Jeanne died from cancer in October of 2008, leaving behind a huge collection of fabric salvaged over a ten-year period from Omni (maker of draperies and futon covers), Land’s End (catalog clothing), and various furniture stores that gave her sample upholstery fabric booklets. Bag by bag, her fabric pile grew, until it filled a 14′ x 14′ room, stacked to the ceiling.
The donors gave the fabric to Jeanne to use for charitable projects, a charge she took very seriously, and one which her husband, David Neff, is honoring. Volunteers in her hometown of Blue River, Wisconsin, are working to find homes for the fabric.

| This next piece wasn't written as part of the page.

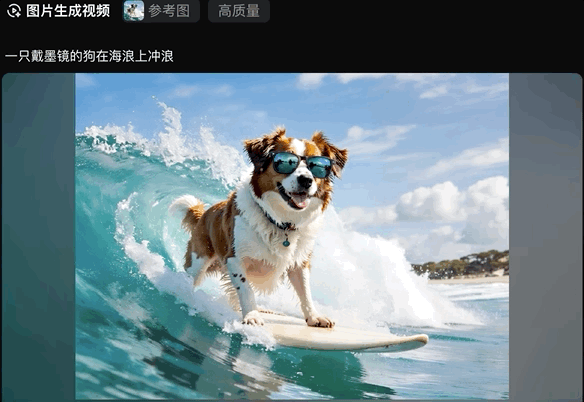 多模态AI黑马刷榜后再造神器：一个产品搞定图片视频播客生成，自带百种特效，大牛梅涛团队出品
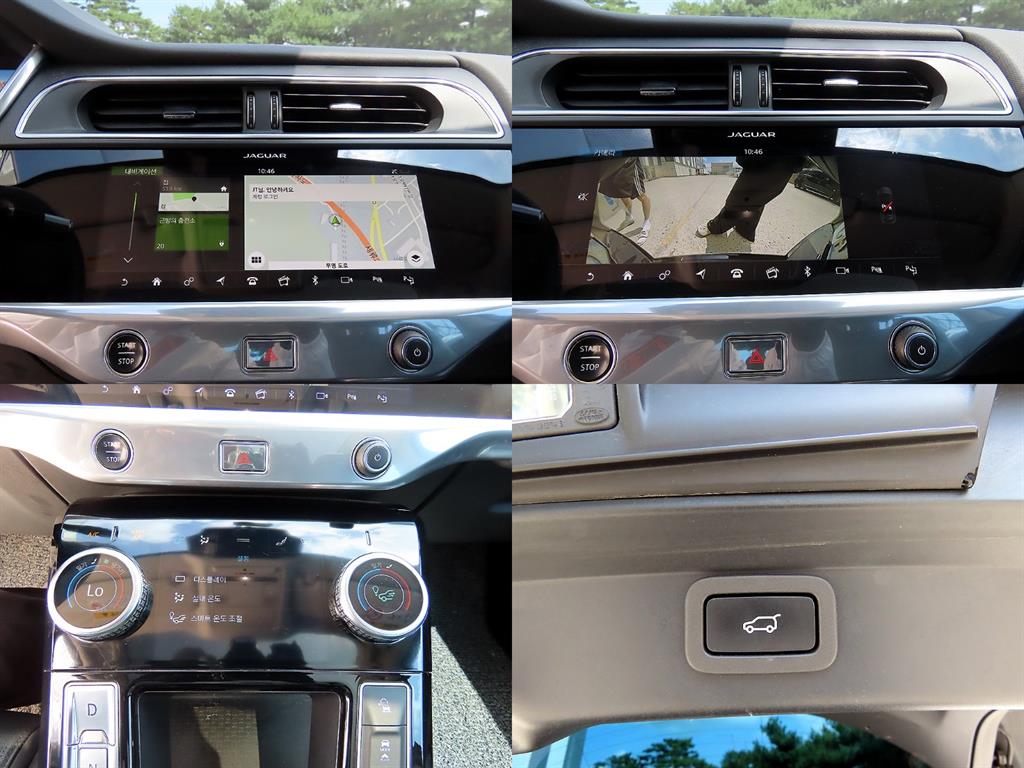 Jaguar I-PACE — photo 18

Friends have posted the offer of fabric on Freecycle in at least two states. The goal is to see that all of Jeanne’s fabric is used and that none ends up in the landfill.
Thousands more pounds of fabric are still available for projects like those Jeanne developed — or for anything the imagination can create.
Scraps in a variety of sizes, textures, and colors fill 100 large leaf bags. Some pieces are as small as index cards. Others are long, narrow strips; squares with a circle cut from the center; or odd-shaped pieces that defy description.
Jeanne also rescued hundreds of yards of 60″ wide, patterned, drapery-weight fabric still on the factory rolls. Now she is gone, but she leaves behind a wonderful resource waiting to be put to good use.